• ASSIGNMENT
Filter the entries, keeping every line with the word "labeled".

BEGIN SOURCE DATA

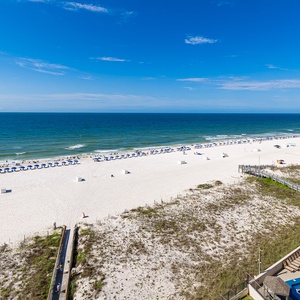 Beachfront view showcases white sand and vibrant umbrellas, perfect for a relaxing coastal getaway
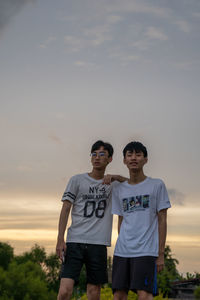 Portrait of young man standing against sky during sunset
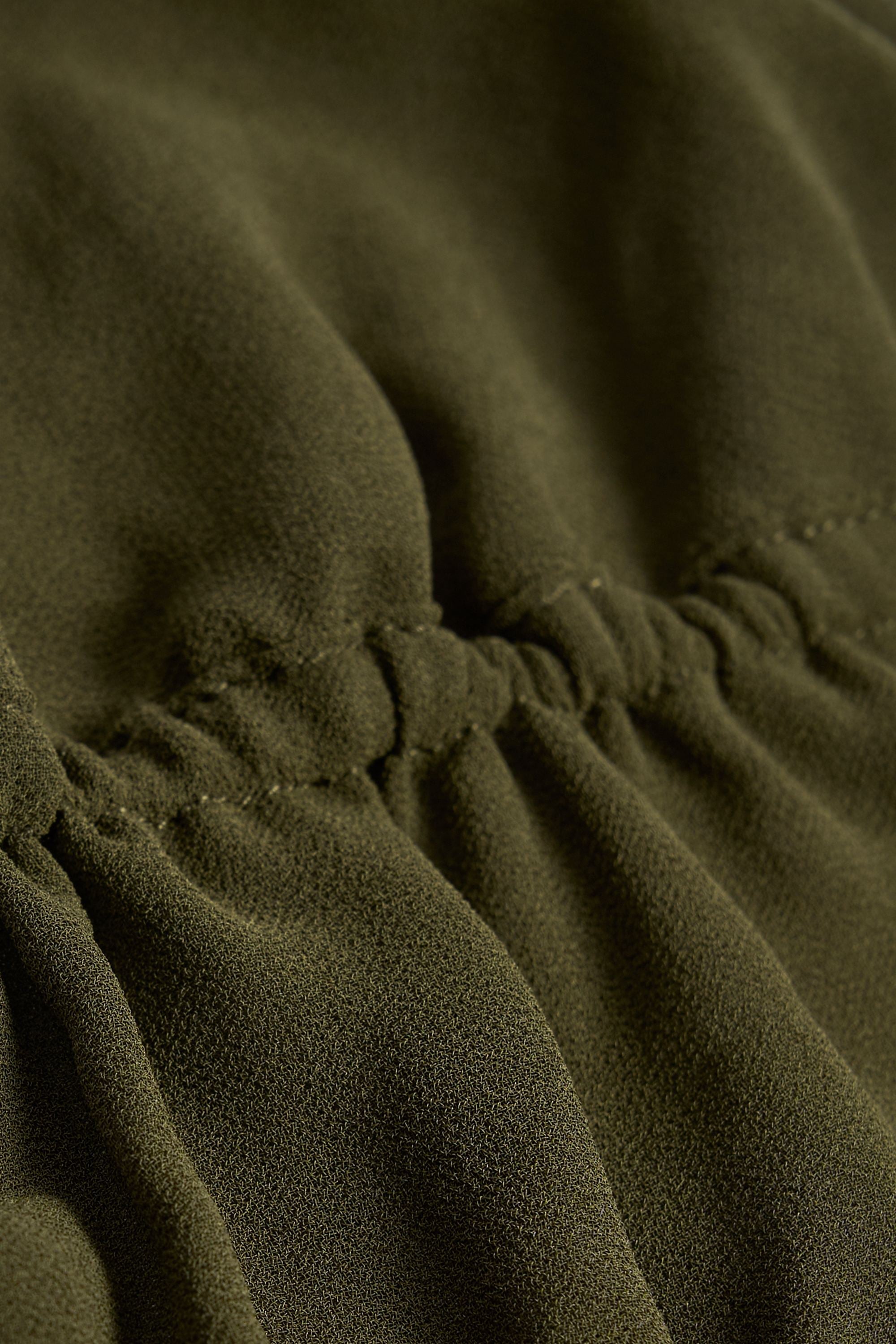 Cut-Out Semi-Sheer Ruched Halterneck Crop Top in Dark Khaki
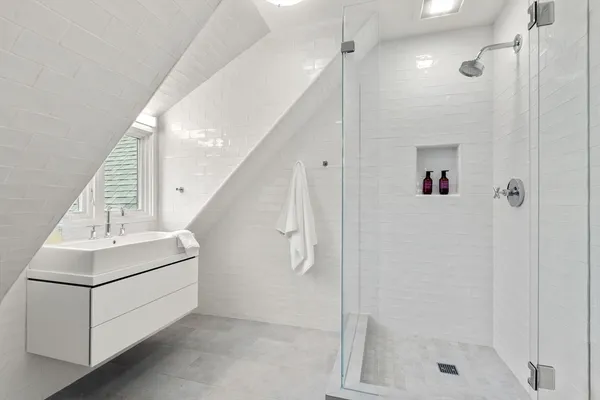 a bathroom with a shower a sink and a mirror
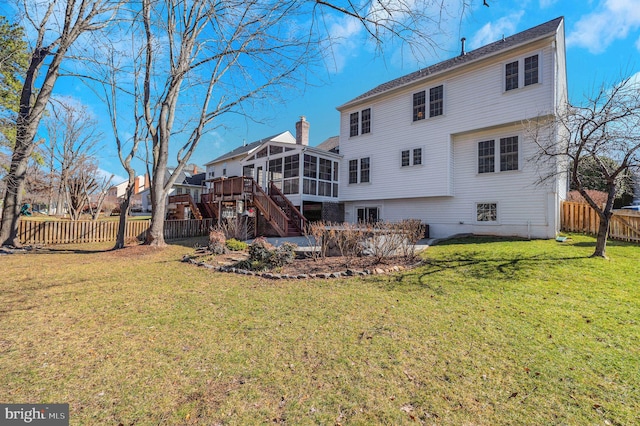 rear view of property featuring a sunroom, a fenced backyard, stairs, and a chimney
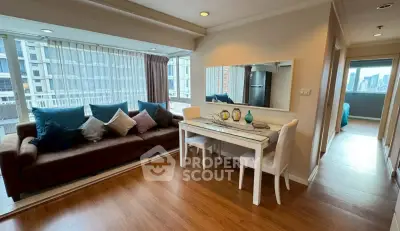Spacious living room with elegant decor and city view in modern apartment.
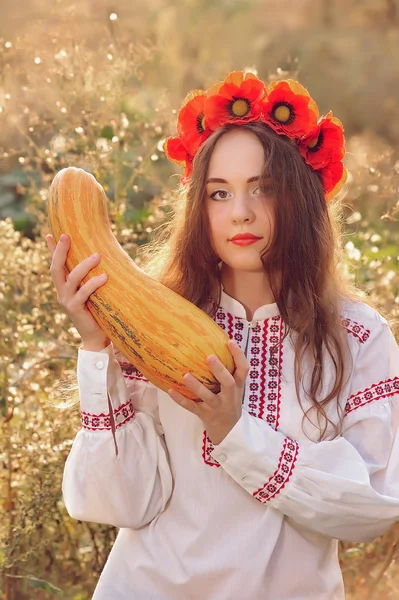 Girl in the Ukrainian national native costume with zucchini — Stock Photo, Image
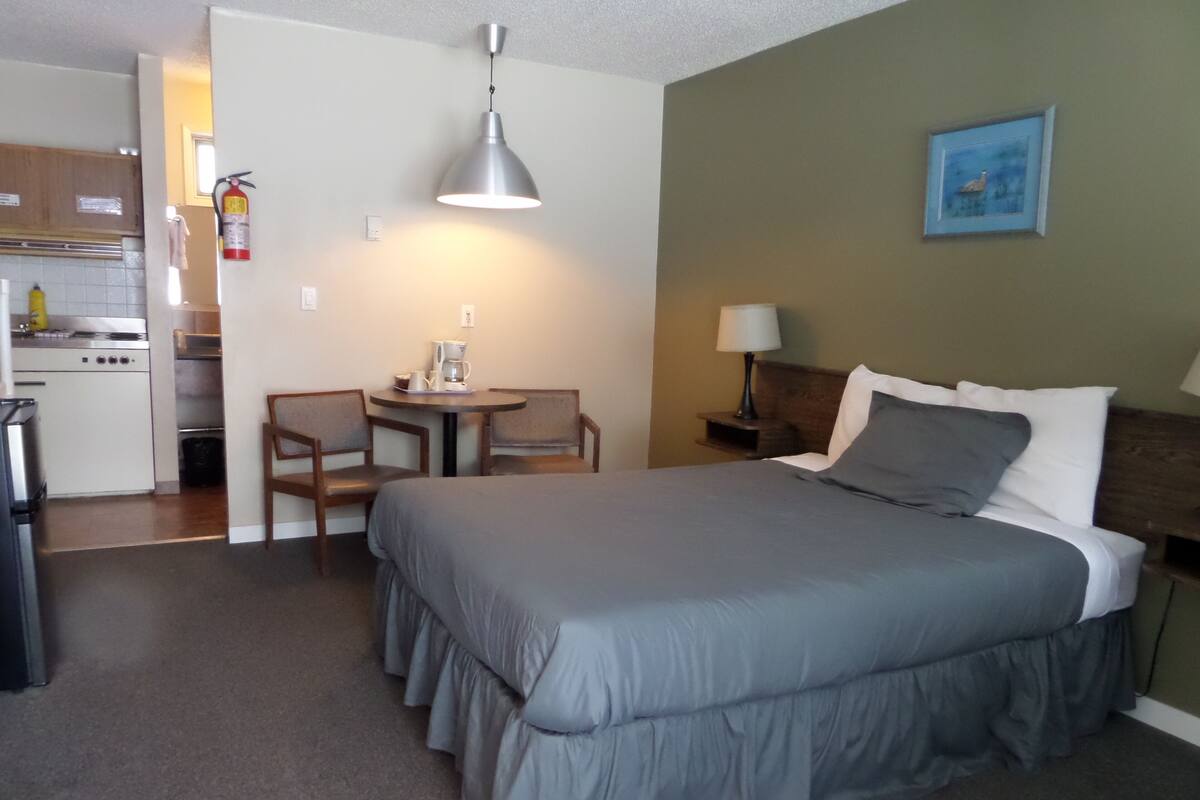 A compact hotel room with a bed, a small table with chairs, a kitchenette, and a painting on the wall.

END SOURCE DATA
BEGIN SOURCE DATA

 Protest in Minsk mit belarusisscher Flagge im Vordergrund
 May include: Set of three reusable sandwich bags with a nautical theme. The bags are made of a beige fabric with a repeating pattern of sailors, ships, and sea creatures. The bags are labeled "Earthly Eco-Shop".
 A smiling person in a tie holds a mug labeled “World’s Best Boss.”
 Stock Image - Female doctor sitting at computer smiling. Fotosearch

END SOURCE DATA

• EXERCISE ANSWER
 May include: Set of three reusable sandwich bags with a nautical theme. The bags are made of a beige fabric with a repeating pattern of sailors, ships, and sea creatures. The bags are labeled "Earthly Eco-Shop".
 A smiling person in a tie holds a mug labeled “World’s Best Boss.”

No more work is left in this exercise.